# Asus Xonar vs Creative X-Fi



## Mersis (4. August 2008)

Hallo liebe Community,

ich möchte mir in ein paar Tagen eine gescheite Soundkarte zulegen und bitte euch um Rat, für welche ich mich entscheiden soll.
Mein Einsatzgebiet:


Musikproduktion & -bearbeitung (Reason, Cubase)
Musik Mixing (Traktor DJ)
Online Casting
Online Gaming (samt TS)
5.1 Surround Sound (Analog)
DVD's angucken
XP Pro 32 Bit / Vista 32 Bit (bald 64 Bit)
Receiver Line in (Analog)
momentan noch alles per Analog (Klinke), was sich zukünftig ändern könnte
Mit meiner alten Creative Soundkarte hab ich seit meinem Rechner Neukauf nur noch Probleme.
Onboard Sound (Gigabyte GA-P35-DS3P; Realtek ALC889A) reicht für meine Bedürfnisse nicht aus.

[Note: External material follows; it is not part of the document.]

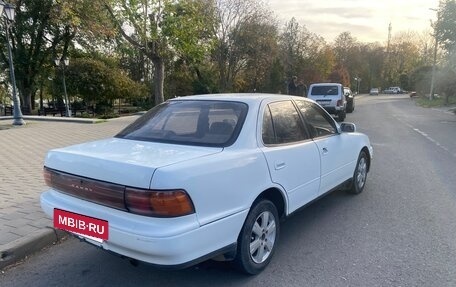 Toyota Camry V30, 1992 год, 300 000 рублей, 4 фотография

Ich möchte eine Soundkarte, die zuverlässig auf beiden OS's läuft, viele Einstellungen für die Soundausgabe bietet (frei konfigurierbarer Equalizer, individuelle Steuerung der Lautstärke für die verschiedenen Boxen, etc.) und die Software sollte unter Vista nicht eingeschränkt sein(Gruß an Creative und Realtek...) !

Ich habe mich mal auf die Suche nach ein paar Soundkarten gemacht, ein paar Testberichte gelesen aber viel Ahnung hab ich davon nicht unbedingt.
Zu welcher Soundkarte würdet ihr mir raten?

- ASUS Xonar D2/PM
- ASUS Xonar DX 7.1, PCIe x1
- Creative Sound Blaster X-Fi XtremeMusic, PCI
- Creative Sound Blaster X-Fi XtremeGamer, PCI
- Creative Sound Blaster X-Fi Titanium Fatal1ty Pro Series, PCIe

Bringt eine Soundkarte soviel mehr Leistung wenn sie über dem PCIe Slot läuft, statt über PCI Slot? Mein MOBO hat 3 PCIe Slots, einen über der Graka, 2 darunter. Wenn ich die Soundkarte darunter einstecken würde, blockiert sie doch die Frischluftzufuhr.. Wenn ich eine Soundkarte darüber einstecken würde, vermute ich, dass sie blockiert wird vom Passivkühler am MOBO..



			Dieser Inhalt steht nur eingeloggten Mitgliedern zur Verfügung.
        



Daher tendiere ich eher zu einer Soundkarte, die am PCI Slot eingesteckt wird. Was meint ihr?
Und vorallem, welche Karte ? 
Bin für alles offen wenn's nicht mein Limit von max. 150 € übersteigt.

Viele Grüße

Mersis


----------



## exa (4. August 2008)

nimm die erste, is einfach von den features und der klangquali und neutralität das beste...

für weitere fragen wende dich mal an bloody suicide...


----------



## SilentKilla (4. August 2008)

Die Xonar DX ist ne super Wahl. Klingt so wie ihre großen Schwestern D2 bzw. D2X. Unterstützt allerdings kein DTS und hat wesentlich weniger Ausstattung.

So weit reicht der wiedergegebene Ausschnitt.